*** Block opens ***

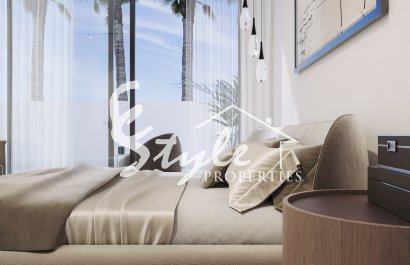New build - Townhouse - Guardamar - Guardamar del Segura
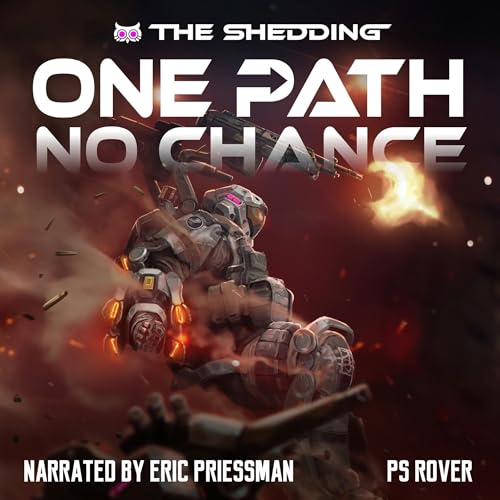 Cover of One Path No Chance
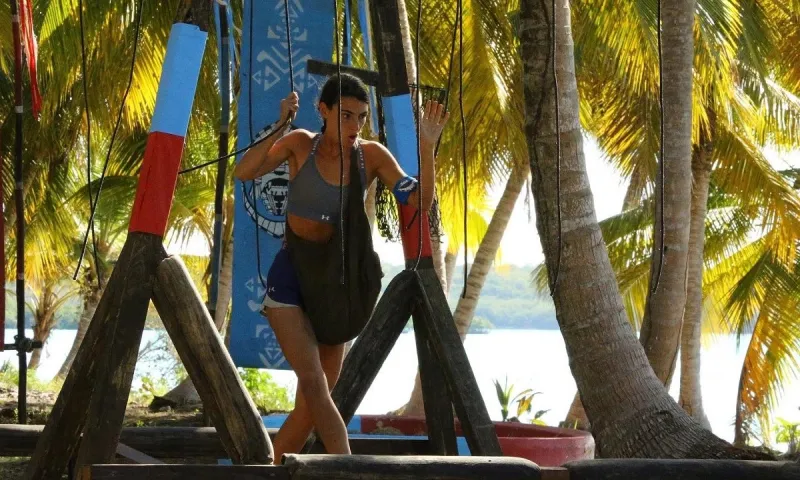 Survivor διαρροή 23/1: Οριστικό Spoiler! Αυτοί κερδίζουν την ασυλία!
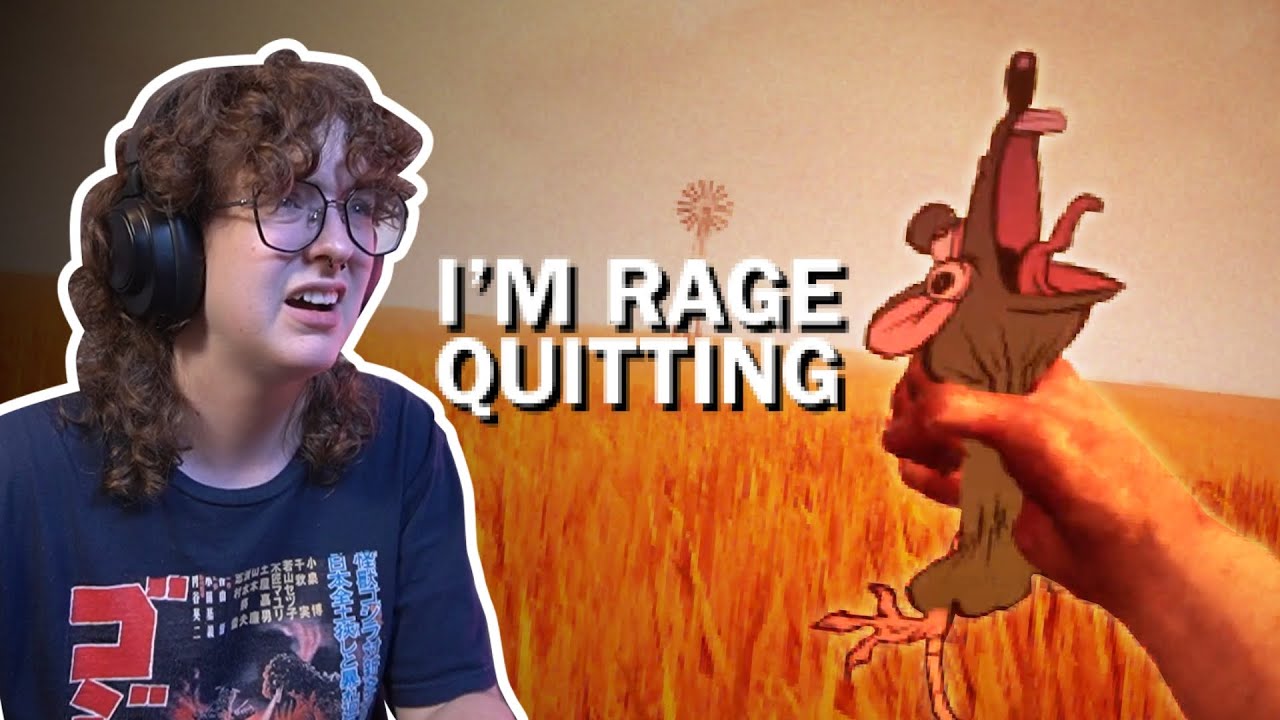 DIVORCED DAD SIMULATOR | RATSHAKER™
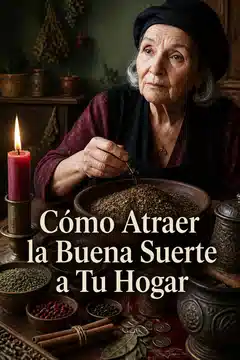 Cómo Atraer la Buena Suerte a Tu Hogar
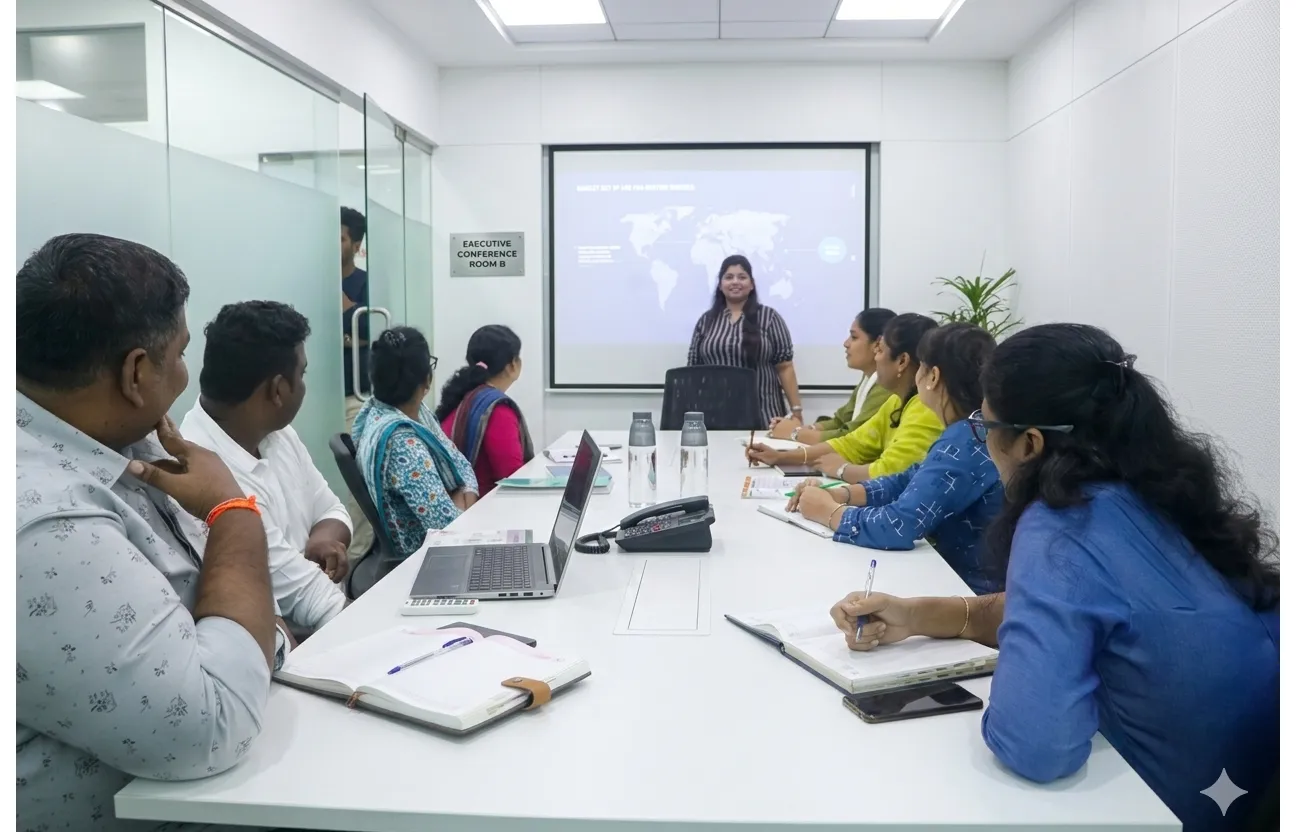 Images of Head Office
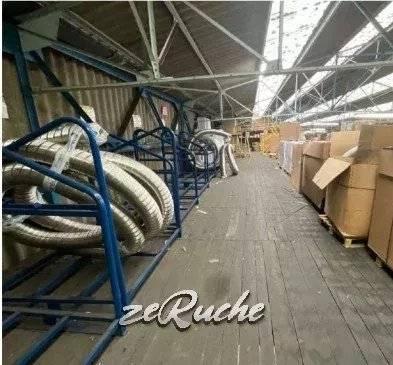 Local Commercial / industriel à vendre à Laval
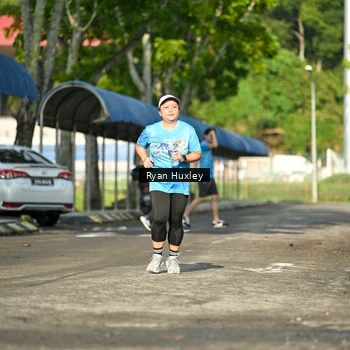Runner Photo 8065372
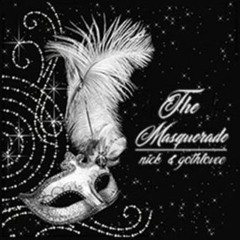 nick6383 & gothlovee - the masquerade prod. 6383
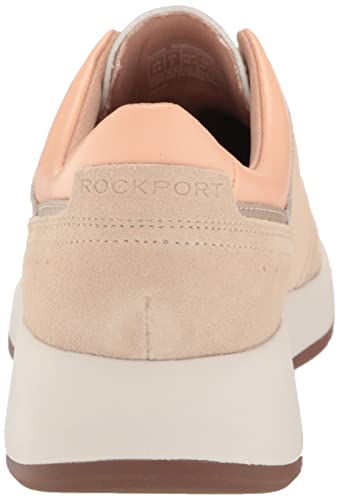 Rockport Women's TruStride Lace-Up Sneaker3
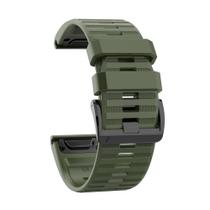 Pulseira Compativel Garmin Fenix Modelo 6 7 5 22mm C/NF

*** Block closes ***

◆ **Your task**: Write out all of the records above. Keep them exact and leave out the pictures.

◆ **Exercise output**:
New build - Townhouse - Guardamar - Guardamar del Segura
 Cover of One Path No Chance
 Survivor διαρροή 23/1: Οριστικό Spoiler! Αυτοί κερδίζουν την ασυλία!
 DIVORCED DAD SIMULATOR | RATSHAKER™
 Cómo Atraer la Buena Suerte a Tu Hogar
 Images of Head Office
 Local Commercial / industriel à vendre à Laval
Runner Photo 8065372
 nick6383 & gothlovee - the masquerade prod. 6383
 Rockport Women's TruStride Lace-Up Sneaker3
 Pulseira Compativel Garmin Fenix Modelo 6 7 5 22mm C/NF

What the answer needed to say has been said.